__Problem to work on__
What is needed is a faithful transcription of all the data below, pictures excluded.

__Information provided__
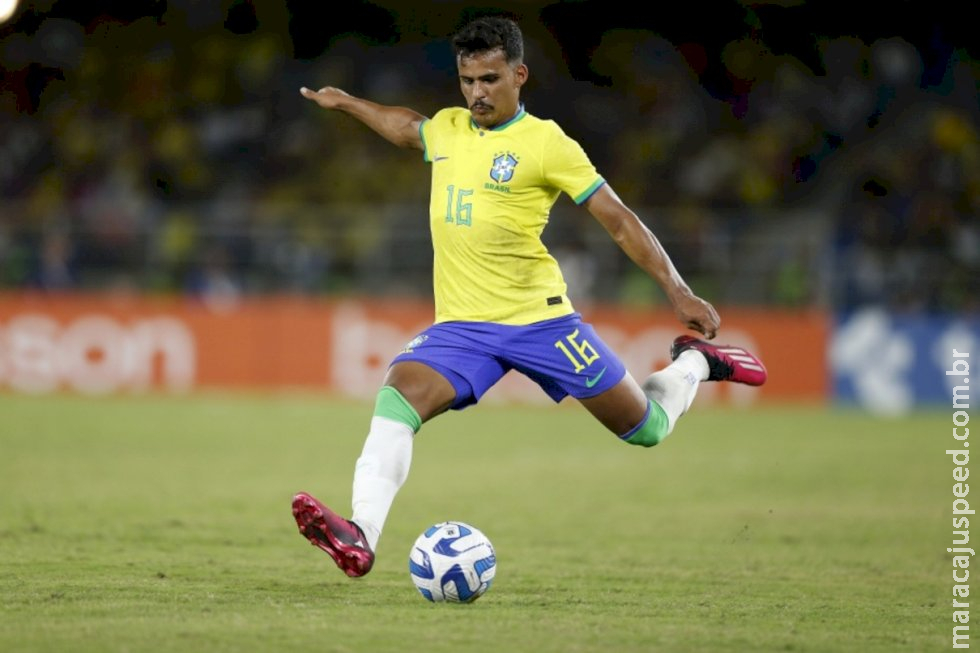 Brasil vira sobre Paraguai e avança em 1º no Sul-Americano sub-20; Argentina cai Brasil vira sobre Paraguai e avança em 1º no Sul-Americano sub-20; Argentina cai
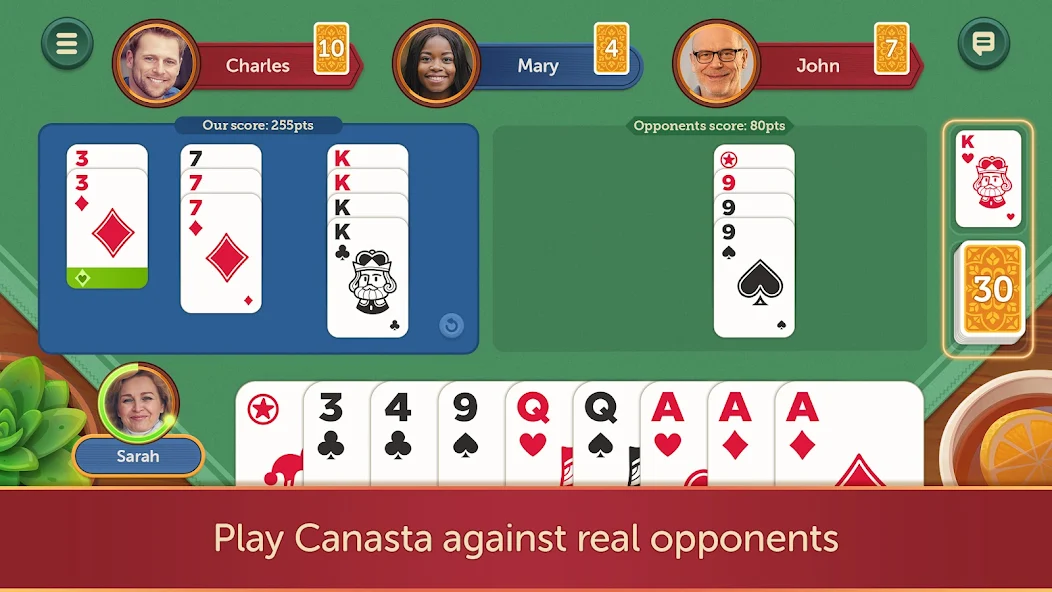 Canasta - Fun & Friends - screenshot 6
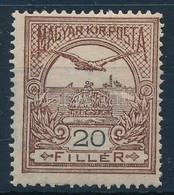 * 1906 Turul 20f Fordított Vízjellel - Otros & Sin Clasificación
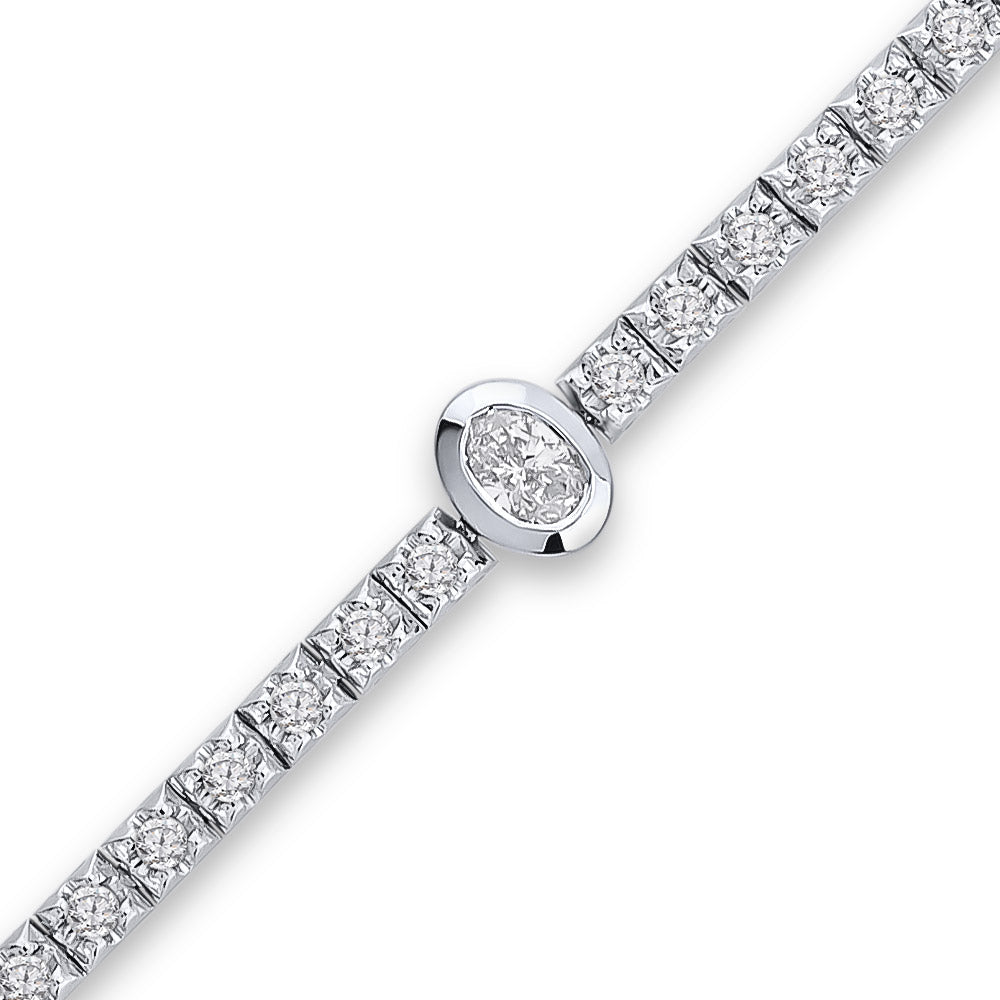 Diamond Tennis Bracelet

__Result__
 Brasil vira sobre Paraguai e avança em 1º no Sul-Americano sub-20; Argentina cai Brasil vira sobre Paraguai e avança em 1º no Sul-Americano sub-20; Argentina cai
 Canasta - Fun & Friends - screenshot 6
 * 1906 Turul 20f Fordított Vízjellel - Otros & Sin Clasificación
 Diamond Tennis Bracelet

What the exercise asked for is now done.